GitHub - z11i/pysat: Simple SAT solver with CDCL implemented in Python

Program

Use Python 3 to run the solver.

python3 -m pkg.main <file_name> <solver_to_use>

where <file_name> is the DIMACS CNF file, and <solver_to_use> is the branching heuristics. There are 4 heuristics used in this project, which are explained in the next section. To use any of the heuristics, run one of the following:

python3 -m pkg.main <file_name> OrderedChoiceSolver
python3 -m pkg.main <file_name> RandomChoiceSolver
python3 -m pkg.main <file_name> FrequentVarsFirstSolver
python3 -m pkg.main <file_name> DynamicLargestIndividualSumSolver

If heuristics not specified, FrequentVarsFirstSolver is the default.

CDCL Findings

Pick Branching Variable

Heuristics

There are four heuristics implemented currently with my CDCL program, namely:

Ordered choice (OrderedChoiceSolver)

Choose propositions with ascending order, i.e., 1, 2, 3, ...
Random choice (RandomChoiceSolver)

Choose propositions randomly
3-clause heuristic (FrequentVarsFirstSolver)
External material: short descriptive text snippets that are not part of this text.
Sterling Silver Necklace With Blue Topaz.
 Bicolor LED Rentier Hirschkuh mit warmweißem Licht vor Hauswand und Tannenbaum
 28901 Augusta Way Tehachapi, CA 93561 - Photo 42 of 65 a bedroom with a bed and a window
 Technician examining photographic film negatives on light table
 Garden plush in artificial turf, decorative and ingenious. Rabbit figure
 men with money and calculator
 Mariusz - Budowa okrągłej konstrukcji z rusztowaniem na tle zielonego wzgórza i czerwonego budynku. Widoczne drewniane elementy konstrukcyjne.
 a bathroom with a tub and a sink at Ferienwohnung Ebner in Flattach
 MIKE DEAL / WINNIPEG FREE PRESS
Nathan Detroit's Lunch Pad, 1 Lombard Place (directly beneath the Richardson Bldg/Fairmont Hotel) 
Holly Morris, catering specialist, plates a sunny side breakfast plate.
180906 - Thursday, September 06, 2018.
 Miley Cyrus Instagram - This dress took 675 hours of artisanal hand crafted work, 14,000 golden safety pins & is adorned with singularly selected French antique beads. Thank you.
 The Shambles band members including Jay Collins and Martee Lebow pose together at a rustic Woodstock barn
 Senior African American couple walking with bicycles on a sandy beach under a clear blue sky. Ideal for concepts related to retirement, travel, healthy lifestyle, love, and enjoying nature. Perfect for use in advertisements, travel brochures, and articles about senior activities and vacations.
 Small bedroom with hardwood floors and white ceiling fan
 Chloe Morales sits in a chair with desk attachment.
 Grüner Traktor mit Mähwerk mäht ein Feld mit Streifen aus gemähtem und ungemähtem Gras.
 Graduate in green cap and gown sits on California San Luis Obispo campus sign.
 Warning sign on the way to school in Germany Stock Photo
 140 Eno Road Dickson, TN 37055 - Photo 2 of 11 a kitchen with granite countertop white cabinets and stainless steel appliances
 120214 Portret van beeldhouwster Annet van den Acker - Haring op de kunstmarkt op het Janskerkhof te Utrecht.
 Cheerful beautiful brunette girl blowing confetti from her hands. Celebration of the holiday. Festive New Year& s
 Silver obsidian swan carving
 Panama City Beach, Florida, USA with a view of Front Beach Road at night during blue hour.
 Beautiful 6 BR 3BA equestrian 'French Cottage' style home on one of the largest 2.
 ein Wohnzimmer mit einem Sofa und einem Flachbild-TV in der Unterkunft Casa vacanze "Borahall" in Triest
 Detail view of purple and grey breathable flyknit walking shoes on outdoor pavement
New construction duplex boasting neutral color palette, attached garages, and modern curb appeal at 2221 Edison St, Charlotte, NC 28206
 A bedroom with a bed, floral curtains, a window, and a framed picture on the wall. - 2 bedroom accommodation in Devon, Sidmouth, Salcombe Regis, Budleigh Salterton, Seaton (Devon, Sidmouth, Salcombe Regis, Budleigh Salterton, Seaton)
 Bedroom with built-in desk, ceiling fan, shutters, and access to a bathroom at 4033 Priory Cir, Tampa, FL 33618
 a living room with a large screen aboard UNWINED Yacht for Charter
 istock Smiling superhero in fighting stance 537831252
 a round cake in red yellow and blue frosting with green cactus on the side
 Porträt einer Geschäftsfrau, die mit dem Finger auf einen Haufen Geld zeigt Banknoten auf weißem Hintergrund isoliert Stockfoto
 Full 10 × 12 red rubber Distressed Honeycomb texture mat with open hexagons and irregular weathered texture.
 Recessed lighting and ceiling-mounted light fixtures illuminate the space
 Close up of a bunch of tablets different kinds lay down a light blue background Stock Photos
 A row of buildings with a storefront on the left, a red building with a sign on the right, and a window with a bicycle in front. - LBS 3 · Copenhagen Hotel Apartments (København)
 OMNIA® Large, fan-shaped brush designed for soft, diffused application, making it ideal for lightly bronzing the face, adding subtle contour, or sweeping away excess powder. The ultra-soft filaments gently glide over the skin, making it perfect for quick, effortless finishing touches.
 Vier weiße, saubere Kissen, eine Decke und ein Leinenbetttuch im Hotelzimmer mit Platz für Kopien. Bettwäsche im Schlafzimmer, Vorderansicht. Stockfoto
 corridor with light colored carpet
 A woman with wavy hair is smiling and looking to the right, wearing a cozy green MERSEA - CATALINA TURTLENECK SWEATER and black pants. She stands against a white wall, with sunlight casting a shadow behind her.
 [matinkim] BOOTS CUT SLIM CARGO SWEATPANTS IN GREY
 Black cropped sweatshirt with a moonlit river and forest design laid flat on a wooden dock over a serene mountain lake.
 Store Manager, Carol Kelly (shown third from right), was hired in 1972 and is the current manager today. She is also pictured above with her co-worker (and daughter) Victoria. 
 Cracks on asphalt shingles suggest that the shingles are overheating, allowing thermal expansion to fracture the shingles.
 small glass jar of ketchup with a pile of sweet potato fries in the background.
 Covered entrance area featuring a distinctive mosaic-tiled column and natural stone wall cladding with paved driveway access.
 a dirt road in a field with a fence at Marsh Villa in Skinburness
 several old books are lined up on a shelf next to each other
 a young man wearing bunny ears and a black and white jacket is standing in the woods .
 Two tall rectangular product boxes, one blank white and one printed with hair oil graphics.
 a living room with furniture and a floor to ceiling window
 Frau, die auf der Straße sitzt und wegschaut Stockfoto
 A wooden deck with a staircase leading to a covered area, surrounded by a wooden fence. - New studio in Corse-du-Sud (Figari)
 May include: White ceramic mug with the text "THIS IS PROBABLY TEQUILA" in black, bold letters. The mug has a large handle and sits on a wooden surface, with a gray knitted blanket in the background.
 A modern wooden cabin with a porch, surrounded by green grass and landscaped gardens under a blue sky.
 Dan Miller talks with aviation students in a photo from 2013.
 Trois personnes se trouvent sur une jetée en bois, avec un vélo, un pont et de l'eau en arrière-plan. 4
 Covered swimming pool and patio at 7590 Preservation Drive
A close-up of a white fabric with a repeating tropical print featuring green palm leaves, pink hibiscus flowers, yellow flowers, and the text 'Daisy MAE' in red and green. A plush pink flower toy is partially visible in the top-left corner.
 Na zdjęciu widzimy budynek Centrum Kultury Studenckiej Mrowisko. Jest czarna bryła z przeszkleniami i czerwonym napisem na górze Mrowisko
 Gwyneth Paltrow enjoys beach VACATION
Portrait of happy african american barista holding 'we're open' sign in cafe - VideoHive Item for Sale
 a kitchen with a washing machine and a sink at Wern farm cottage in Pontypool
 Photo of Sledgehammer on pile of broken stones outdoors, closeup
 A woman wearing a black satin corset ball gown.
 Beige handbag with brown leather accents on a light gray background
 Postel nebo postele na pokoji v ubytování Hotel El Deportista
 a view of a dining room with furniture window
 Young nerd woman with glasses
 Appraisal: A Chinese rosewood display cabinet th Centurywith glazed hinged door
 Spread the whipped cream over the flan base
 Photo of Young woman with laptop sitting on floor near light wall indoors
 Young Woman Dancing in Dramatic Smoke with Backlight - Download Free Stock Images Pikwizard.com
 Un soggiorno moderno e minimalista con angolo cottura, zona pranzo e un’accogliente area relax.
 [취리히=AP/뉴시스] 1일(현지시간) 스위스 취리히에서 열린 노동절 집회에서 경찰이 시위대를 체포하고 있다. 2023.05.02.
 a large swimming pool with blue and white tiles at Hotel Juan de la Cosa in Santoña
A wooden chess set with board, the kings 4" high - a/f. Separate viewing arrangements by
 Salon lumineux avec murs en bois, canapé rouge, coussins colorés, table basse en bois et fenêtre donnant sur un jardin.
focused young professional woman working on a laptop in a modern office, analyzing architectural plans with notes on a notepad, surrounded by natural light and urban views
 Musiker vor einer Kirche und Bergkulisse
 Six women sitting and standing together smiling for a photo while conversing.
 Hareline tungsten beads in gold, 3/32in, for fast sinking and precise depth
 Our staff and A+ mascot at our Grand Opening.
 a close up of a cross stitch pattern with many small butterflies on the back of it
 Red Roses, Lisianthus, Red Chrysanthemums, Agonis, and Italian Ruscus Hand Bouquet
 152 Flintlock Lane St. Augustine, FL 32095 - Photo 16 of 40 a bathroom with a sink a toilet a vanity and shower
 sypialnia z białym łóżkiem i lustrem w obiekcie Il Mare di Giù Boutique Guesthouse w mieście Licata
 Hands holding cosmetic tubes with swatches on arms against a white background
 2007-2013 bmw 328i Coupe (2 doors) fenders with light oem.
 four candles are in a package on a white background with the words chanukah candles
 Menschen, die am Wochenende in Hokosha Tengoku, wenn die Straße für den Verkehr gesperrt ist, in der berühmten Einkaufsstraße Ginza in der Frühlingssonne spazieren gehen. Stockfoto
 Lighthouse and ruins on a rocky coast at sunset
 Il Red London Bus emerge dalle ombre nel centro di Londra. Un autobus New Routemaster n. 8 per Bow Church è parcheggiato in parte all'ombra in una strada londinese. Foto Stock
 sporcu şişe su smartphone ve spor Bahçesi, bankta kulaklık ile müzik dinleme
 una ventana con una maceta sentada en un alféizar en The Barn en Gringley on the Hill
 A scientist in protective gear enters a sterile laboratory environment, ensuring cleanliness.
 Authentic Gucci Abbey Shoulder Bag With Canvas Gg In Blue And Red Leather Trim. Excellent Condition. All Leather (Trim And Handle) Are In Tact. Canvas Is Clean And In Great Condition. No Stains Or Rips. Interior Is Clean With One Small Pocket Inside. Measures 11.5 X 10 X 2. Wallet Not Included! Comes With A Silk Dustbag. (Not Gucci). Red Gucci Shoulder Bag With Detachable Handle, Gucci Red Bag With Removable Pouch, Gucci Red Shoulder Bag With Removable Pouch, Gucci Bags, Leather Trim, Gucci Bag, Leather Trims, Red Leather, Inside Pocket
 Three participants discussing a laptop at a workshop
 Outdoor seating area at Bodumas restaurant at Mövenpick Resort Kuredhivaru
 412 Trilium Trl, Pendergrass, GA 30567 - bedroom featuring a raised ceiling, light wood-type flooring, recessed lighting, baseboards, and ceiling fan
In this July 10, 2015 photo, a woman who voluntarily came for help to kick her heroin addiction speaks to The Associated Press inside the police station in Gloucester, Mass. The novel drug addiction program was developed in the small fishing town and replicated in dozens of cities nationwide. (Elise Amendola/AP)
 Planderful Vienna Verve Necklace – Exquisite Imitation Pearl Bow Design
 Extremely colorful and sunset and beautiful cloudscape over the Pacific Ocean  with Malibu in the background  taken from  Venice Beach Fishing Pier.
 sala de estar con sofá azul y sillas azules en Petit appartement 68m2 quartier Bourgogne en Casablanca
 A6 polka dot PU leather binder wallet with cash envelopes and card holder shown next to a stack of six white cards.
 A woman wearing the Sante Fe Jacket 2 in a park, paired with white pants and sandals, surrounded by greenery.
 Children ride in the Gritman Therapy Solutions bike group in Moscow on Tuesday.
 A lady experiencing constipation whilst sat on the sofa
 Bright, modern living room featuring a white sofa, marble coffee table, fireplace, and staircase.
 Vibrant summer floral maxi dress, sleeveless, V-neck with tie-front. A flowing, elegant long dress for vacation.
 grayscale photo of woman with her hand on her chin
Modified from 2-clause heuristic, which we choose propositions with maximum occurrences in 3-clauses, and break ties randomly
Dynamic largest individual sum (DynamicLargestIndividualSumSolver)

(Explained later)

Dynamic Largest Individual Sum

The heuristics that I chose to perform better than either random-choice heuristic (RAND) or 3-clause heuristic (3CH), is the dynamic largest individual sum heuristic (DLIS). This is a popular choice because it falls somewhere in the middle of a spectrum of two extremes [Moskewicz, 2001]. One of the extreme is the random-choice heuristic, as it does not consider the distribution of the literals; the other extreme is using complex function of the current variable state and clause database (e.g. variable state independent decaying sum or maximum occurrence of clauses of minimum size).

DLIS was chosen for several reasons. Firstly, it is simple and intuitive. It actually is a dynamic variation of the 3CH, where not only is the number of occurrences are considered for choosing the branching variable, also does it consider the sign of the literals. It can be possible that if a literal appears more often as a negative, it is more likely to be negative. Secondly, according to [Marques-Silva, 1999], DLIS performs more or less consistently, having less extreme values, in areas relevant to this project (CPU time and number of decisions), than other heuristics. DLIS is also simple to implement, so it is easier to extend the base code to other benchmarking heuristics in this project.

DLIS is described as following. For a given variable $x$, $C_{x,p}$ is the number of unresolved clauses in which $x$ appears positively, and $C_{x,n}$ is the number of unresolved clauses in which $x$ appears negatively. Then we find 2 literals $a$, and $b$, such that $C_{a,p}$ is maximum, and $C_{b,n}$ is maximum. If $C_{a,p}>C_{b,n}$, then we choose $a$ to be True, otherwise $y$ to be False.

Benchmark

The test sets are taken from this page of the University of British Columbia. I used sets from the "Uniform Random-3-SAT" section. The ones bolded are used for all 4 heuristics.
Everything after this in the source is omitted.